ChatGLM: A Family of Large Language Models from GLM-130B to GLM-4 All Tools
清华大学
ChatGLM:从 GLM-130B 到 GLM-4 All Tools 的大语言模型系列
We introduce ChatGLM, an evolving family of large language models that we have been developing over time. This report primarily focuses on the GLM-4 language series, which includes GLM-4, GLM-4-Air, and GLM-4-9B. They represent our most capable models that are trained with all the insights and lessons gained from the preceding three generations of ChatGLM. To date, the GLM-4 models are pre-trained on ten trillions of tokens mostly in Chinese and English, along with a small set of corpus from 24 languages, and aligned primarily for Chinese and English usage. The high-quality alignment is achieved via a multi-stage post-training process, which involves supervised fine-tuning and learning from human feedback. Evaluations show that GLM-4, 1) closely rivals or outperforms GPT-4 in terms of general metrics such as MMLU, GSM8K, MATH, BBH, GPQA, and HumanEval, 2) gets close to GPT-4-Turbo in instruction following as measured by IFEval, 3) matches GPT-4 Turbo (128K) and Claude 3 for long context tasks, and 4) outperforms GPT-4 in Chinese alignments as measured by AlignBench. The GLM-4 All Tools model is further aligned to understand user intent and autonomously decide when and which tool(s) to use—including web browser, Python interpreter, text-to-image model, and user-defined functions—to effectively complete complex tasks. In practical applications, it matches and even surpasses GPT-4 All Tools in tasks like accessing online information via web browsing and solving math problems using Python interpreter. Over the course, we have open-sourced a series of models, including ChatGLM-6B (three generations), GLM-4-9B (128K, 1M), GLM-4V-9B, WebGLM, and CodeGeeX, attracting over 10 million downloads on Hugging Face in the year 2023 alone.

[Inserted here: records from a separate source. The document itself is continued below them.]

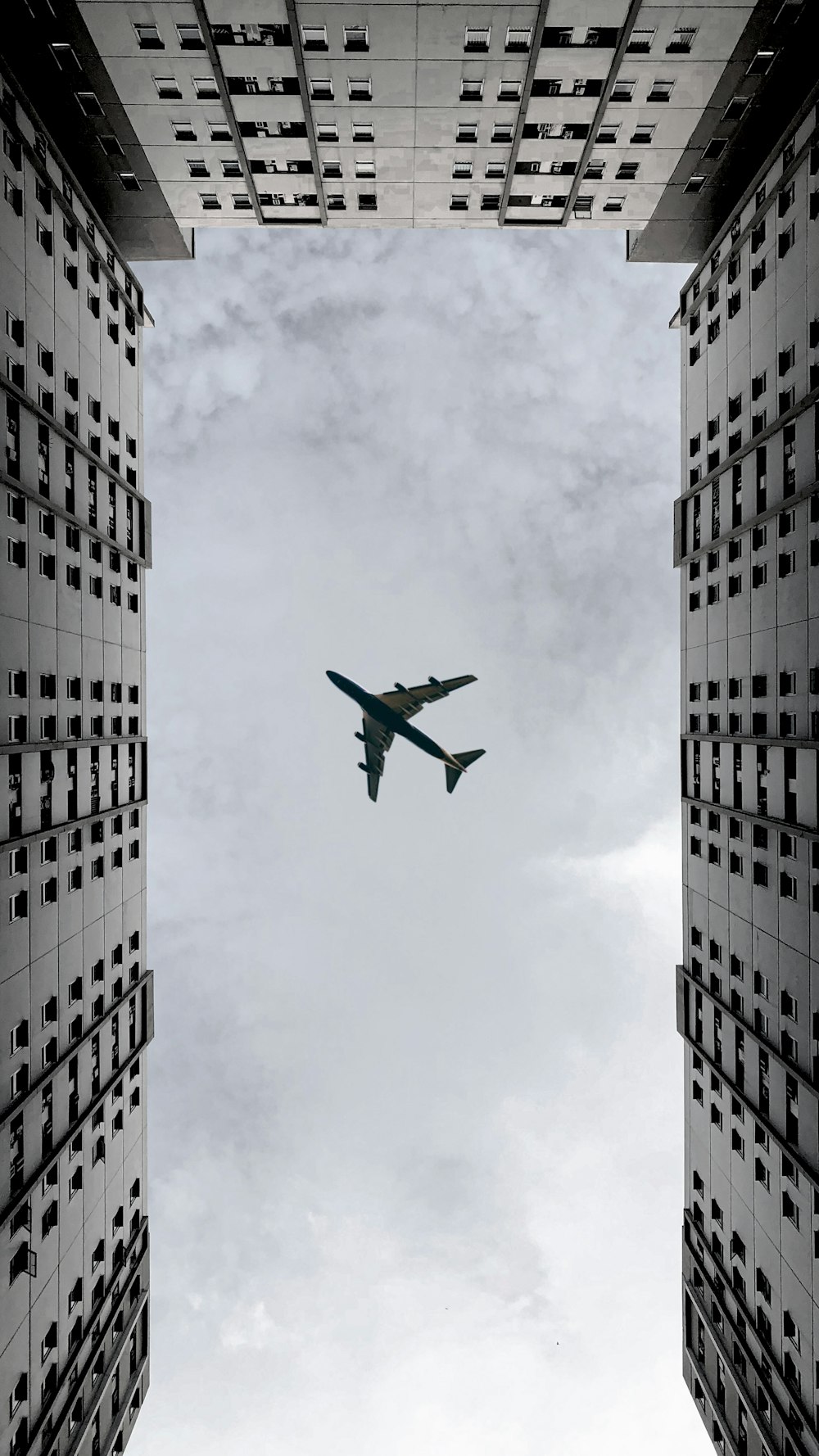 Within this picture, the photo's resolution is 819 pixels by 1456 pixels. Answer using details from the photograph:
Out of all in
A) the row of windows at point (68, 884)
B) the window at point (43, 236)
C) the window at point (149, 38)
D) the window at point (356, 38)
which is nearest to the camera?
the row of windows at point (68, 884)

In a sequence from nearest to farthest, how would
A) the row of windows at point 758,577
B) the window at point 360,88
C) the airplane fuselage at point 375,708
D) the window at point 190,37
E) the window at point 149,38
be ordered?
the row of windows at point 758,577 → the window at point 149,38 → the window at point 190,37 → the window at point 360,88 → the airplane fuselage at point 375,708

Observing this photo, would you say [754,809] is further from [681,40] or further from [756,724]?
[681,40]

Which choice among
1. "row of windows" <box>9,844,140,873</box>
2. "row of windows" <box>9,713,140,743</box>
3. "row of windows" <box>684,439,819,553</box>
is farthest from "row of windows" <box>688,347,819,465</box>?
"row of windows" <box>9,844,140,873</box>

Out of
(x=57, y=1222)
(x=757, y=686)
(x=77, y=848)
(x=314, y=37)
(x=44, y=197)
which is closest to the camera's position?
(x=57, y=1222)

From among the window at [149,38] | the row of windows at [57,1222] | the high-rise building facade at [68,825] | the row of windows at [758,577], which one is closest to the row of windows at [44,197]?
the high-rise building facade at [68,825]

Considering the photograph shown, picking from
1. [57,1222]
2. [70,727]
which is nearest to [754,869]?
[70,727]

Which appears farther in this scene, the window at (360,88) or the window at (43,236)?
the window at (360,88)

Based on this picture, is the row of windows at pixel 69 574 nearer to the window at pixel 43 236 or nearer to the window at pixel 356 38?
the window at pixel 43 236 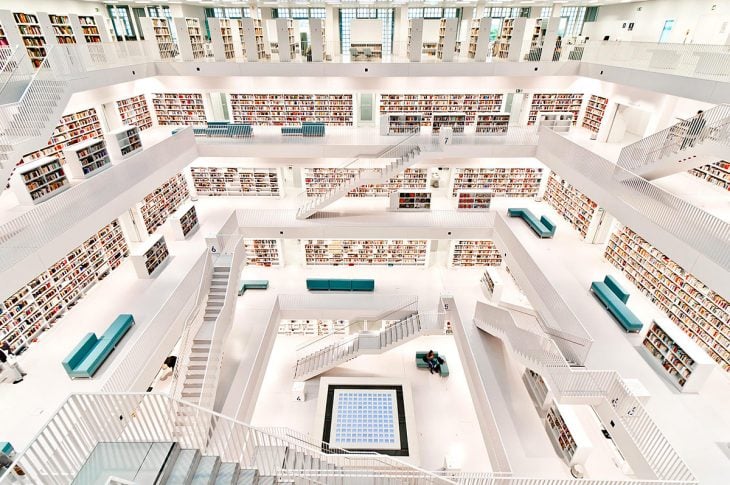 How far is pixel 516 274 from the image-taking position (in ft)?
37.2

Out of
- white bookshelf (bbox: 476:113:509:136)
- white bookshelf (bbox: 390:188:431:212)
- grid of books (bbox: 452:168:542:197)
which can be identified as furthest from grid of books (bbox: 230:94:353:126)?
grid of books (bbox: 452:168:542:197)

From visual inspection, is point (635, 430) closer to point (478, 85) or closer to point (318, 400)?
point (318, 400)

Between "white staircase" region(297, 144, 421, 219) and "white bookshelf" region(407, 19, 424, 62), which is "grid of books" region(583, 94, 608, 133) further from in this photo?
"white staircase" region(297, 144, 421, 219)

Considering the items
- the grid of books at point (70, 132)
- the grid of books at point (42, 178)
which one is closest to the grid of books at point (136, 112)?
the grid of books at point (70, 132)

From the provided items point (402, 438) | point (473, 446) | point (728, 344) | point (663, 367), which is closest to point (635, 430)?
point (663, 367)

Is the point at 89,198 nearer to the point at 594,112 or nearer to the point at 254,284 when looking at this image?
the point at 254,284

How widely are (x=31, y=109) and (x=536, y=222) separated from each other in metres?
14.1

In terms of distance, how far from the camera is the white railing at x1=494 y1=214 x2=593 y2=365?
7.42 metres

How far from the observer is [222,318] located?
9.30 metres

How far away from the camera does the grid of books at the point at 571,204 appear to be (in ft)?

我们推出了 ChatGLM,这是一个不断演进的大语言模型系列。本报告主要聚焦于 GLM-4 语言系列,包括 GLM-4、GLM-4-Air 和 GLM-4-9B。它们代表了当前能力最强的模型,融入了前三代 ChatGLM 开发过程中获得的所有见解和经验。迄今为止,GLM-4 模型已在十万亿词元的语料上进行了预训练,语料以中文和英文为主,并包含少量来自 24 种语言的语料,且主要针对中文和英文的使用进行了对齐。高质量的对齐是通过一个多阶段的训练后流程实现的,该流程包括监督微调和从人类反馈中学习。评估表明,GLM-4 在诸如 MMLU、GSM8K、MATH、BBH、GPQA 和 HumanEval 等通用指标上,与 GPT-4 水平相当甚至更优;在 IFEval 衡量的指令跟随能力上接近 GPT-4-Turbo;在长上下文任务上与 GPT-4 Turbo 和 Claude 3 相当;并在 AlignBench 衡量指标上,在中文对齐方面优于 GPT-4。GLM-4 All Tools 模型经过进一步对齐,能够理解用户意图,并自主决定何时以及使用哪种工具,以有效完成复杂任务。在实际应用中,它在通过网页浏览获取在线信息和使用 Python 解释器解决数学问题等任务上,与 GPT-4 All Tools 相当甚至更胜一筹。在此期间,我们开源了一系列模型,包括 ChatGLM-6B、GLM-4-9B、GLM-4V-9B、WebGLM 和 CodeGeeX,仅 2023 年一年就在 Hugging Face 上吸引了超过 1000 万次下载。